GETTING your young child to share can be a challenge — and for three reasons, says Laura Haugh, mum-in-residence at MummyPages.ie: “They don’t have a good grasp of time, which makes it harder for them to realise they’ve had a toy for a long time and the other child wants it back. They’re asserting their independence. And they may not have the words to describe how they feel.”
Experts advise bringing the concept of sharing into your child’s consciousness. Get him to share jobs with you such as sorting the laundry or unpacking the groceries. Play cooperative games with him where you each take turns – for example, finding the next piece of the puzzle. When engaged in these activities, mention to your child that what you are doing is sharing the task or game.
“Teach them about give and take, about being respectful and enjoying the activity. Say ‘please’ and ‘thank you’ and have them do so too. They will then have a greater understanding when it comes to sharing toys.”
It’s good to explain to your child that sharing doesn’t mean giving something away. Point out that there are benefits to sharing and get them to swap toys. Use an egg-timer to help children see that each gets a turn for a period of time. Show your child understanding, says Haugh.

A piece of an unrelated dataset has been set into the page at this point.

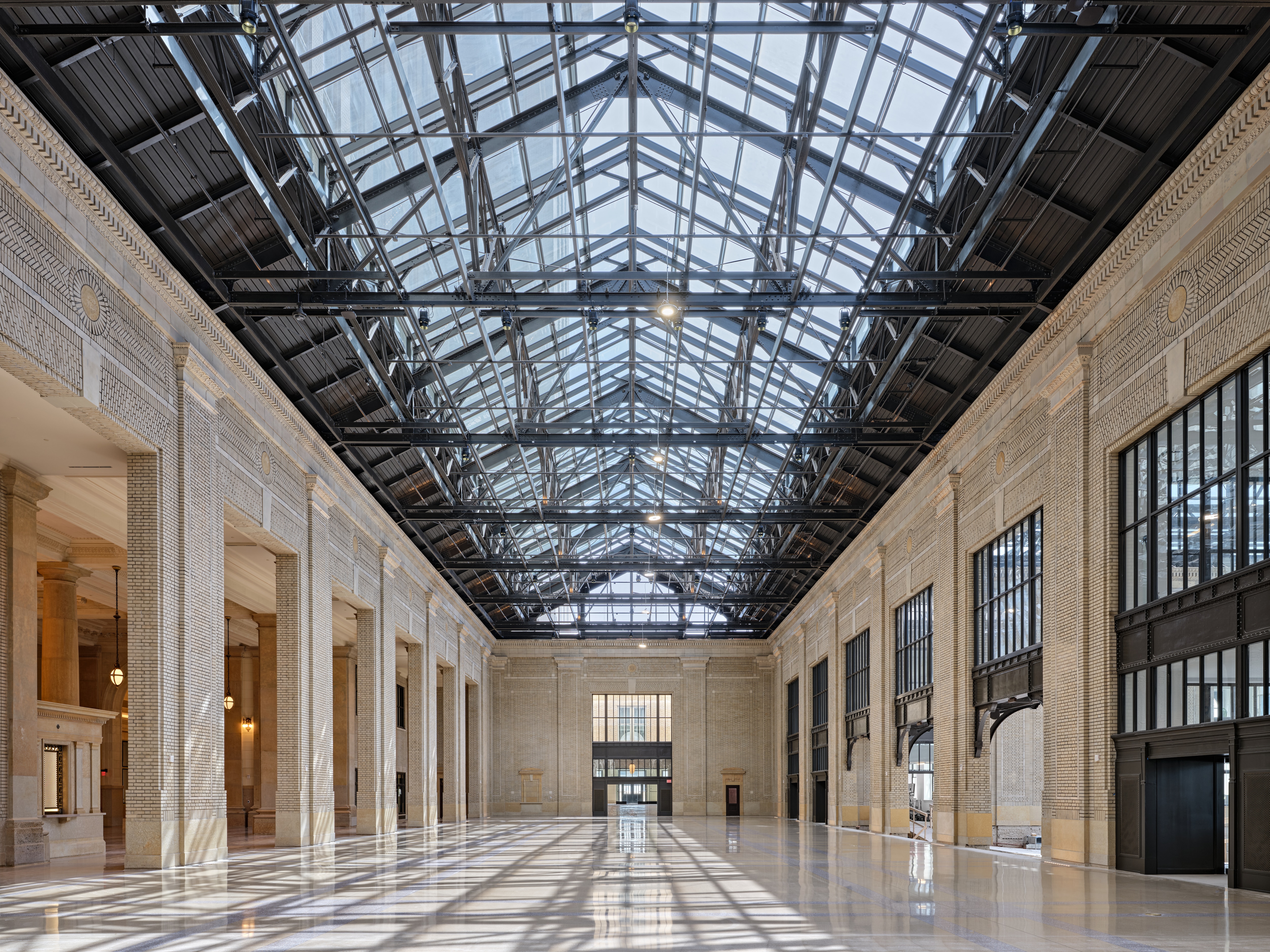 Inside Michigan Central Station after remodeling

“Say ‘I understand you were playing with that and you don’t want to give it to your friend. But they want to have it just for a little while and they’ll ask you nicely for it. Remind him of a time when he wanted a coveted toy and he got to play with it.”
Haugh is mum to James, five, and Lucy, three, and says it can be hard for younger and older siblings to be good at sharing.

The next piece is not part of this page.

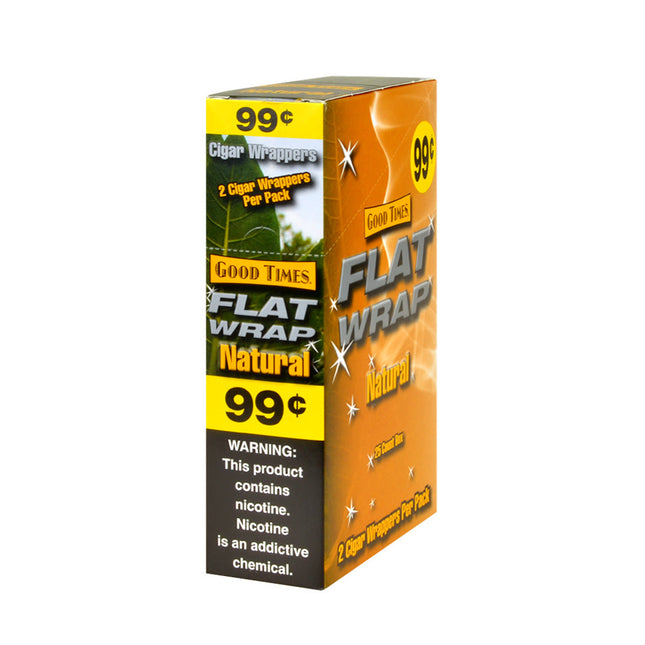 GT-FLAT WRAP NATURAL - 25CT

“When the older child is playing with a toy that’s too advanced for the younger, yet the smaller child wants to participate — it can seem like he’s wrecking the game.”

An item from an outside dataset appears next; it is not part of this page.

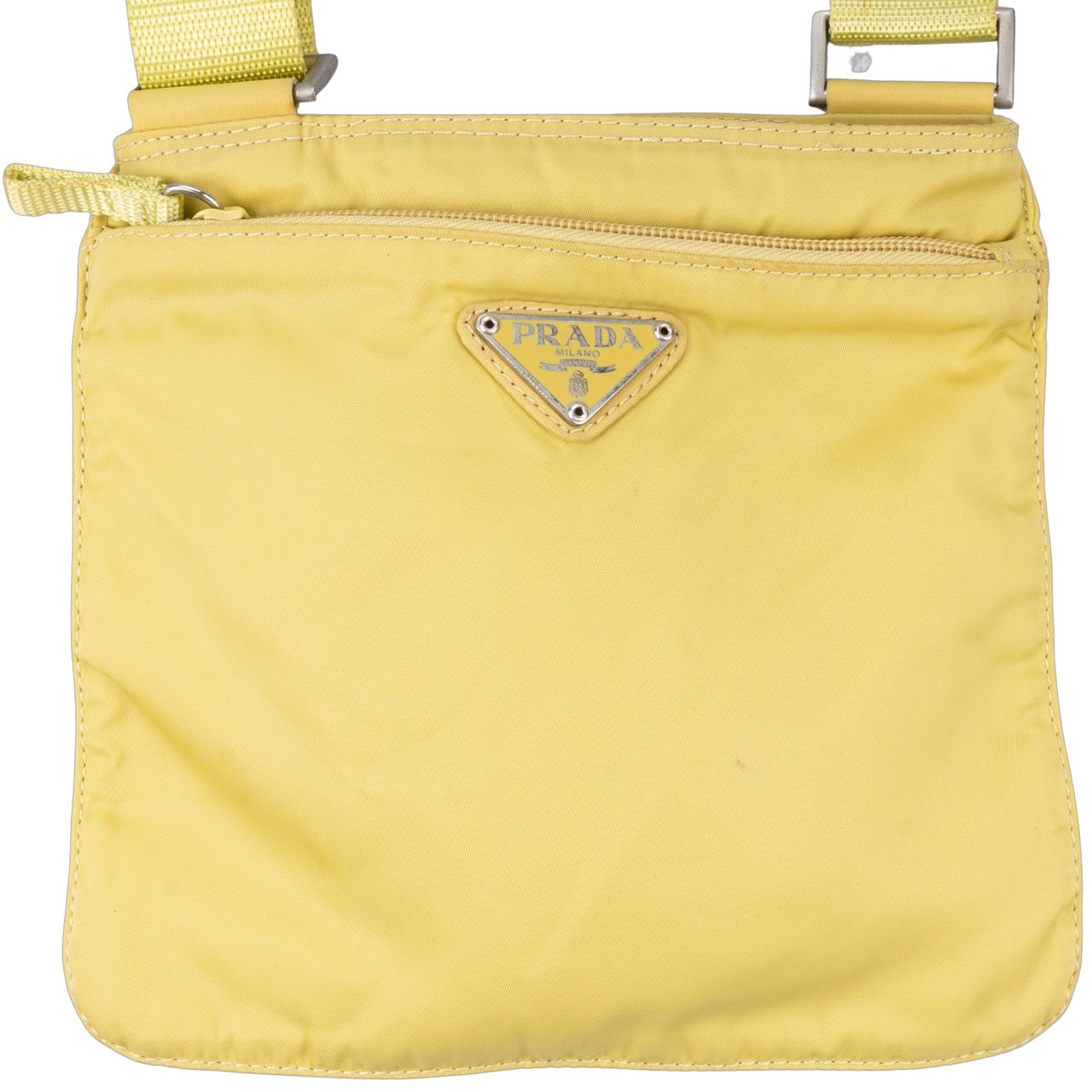 Prada Triangle Neon Nylon Crossbody Side Bag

She explains to the older child that his little sibling just thinks he’s brilliant and wants to spend time with him. “It is reasonable for the older child to have some toys that are off-limits to the younger one. Encourage him to play with those when the little child is napping. Get children to ask for permission to use another’s toy rather than just taking things.”
She recommends encouraging your child to ask you politely if he wants to have a go on your laptop or iPhone. Then ask him to do something for you so he knows there’s give and take. Teach your child to share by modelling sharing — let him see you dividing a cake between you and him, or teaming up with your partner to do household chores.
* Help child to verbalise his feelings – ask him what’s wrong if he’s reluctant to share on a particular day.
* Respect child’s right not to want to share a few really special toys with a play-date.
* Keep such toys out of view but say you’ll expect him to share all other toys.
* Praise child when he shares – ‘I loved the way you shared your truck with Joe.